The energy healer is meant to facilitate “spiritual development and awakening” and uses “sacred geometry to do chakra clearing and alignment and to perform energy healing on the spiritual, physical and emotional levels,” according to her website.
One client testimony on the site says that after “the healing sessions,” she “realized I had formed the wrong belief of the Divine as a child and I could spontaneously let it go!”
“Where’s the ACLU when it comes to this stuff?” Few said. “The self-appointed guardians of the First Amendment are quick to quash any mention of America’s Judeo-Christian founding.”
One former teacher said that her school had no custodian or enough substitute teachers, leaving teachers overworked and underpaid, according to the Chronicle. She also said that principals and other administrators were away for the healing sessions weekly and were unavailable.
Meanwhile, only 24% of Hispanic students, who make up the majority of the district, are reaching grade-level proficiency in math and 32% in English.
“When are parents going to wake up and realize that they need to get their children out of these failing schools?” Few said. “USPIE will keep shining a light on the dark side of government schools so that parents can make the best choice for their child.”

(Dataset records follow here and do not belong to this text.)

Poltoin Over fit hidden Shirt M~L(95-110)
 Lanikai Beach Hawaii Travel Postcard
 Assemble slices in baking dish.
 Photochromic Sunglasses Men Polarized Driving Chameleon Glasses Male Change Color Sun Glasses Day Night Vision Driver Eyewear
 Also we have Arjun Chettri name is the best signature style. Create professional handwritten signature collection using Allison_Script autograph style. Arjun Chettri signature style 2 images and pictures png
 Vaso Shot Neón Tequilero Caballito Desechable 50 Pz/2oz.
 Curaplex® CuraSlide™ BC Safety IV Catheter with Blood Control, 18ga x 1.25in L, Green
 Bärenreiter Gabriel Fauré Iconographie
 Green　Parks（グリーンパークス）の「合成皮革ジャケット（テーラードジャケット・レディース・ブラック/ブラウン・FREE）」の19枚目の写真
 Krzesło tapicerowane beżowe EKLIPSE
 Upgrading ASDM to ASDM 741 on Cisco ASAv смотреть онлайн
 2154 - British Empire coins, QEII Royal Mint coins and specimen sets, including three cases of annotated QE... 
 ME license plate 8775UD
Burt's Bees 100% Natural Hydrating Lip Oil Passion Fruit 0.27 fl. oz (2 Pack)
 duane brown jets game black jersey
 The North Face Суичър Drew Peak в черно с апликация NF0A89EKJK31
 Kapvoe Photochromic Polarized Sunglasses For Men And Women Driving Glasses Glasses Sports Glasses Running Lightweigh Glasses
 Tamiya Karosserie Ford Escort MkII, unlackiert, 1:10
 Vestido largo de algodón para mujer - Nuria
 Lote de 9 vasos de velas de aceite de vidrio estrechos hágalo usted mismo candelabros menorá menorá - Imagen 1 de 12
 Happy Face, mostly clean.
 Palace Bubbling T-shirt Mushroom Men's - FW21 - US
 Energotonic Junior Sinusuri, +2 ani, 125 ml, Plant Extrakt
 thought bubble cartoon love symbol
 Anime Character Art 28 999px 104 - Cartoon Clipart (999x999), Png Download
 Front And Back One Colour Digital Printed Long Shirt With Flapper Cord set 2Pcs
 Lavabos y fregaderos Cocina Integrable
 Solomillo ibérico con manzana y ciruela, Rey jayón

United States Parents Involved in Education (USPIE) is a nonprofit, nationwide coalition that seeks to return education to its proper local roots and restore parental authority over their children’s education by helping parents and local communities to escape federal and other national influences. It is the vision of USPIE to create a culture where parents, empowered with the authority to choose what and how their children learn, are the undisputed primary educators of their children, where local schools operate in support of families, and where education is unencumbered by federal mandates.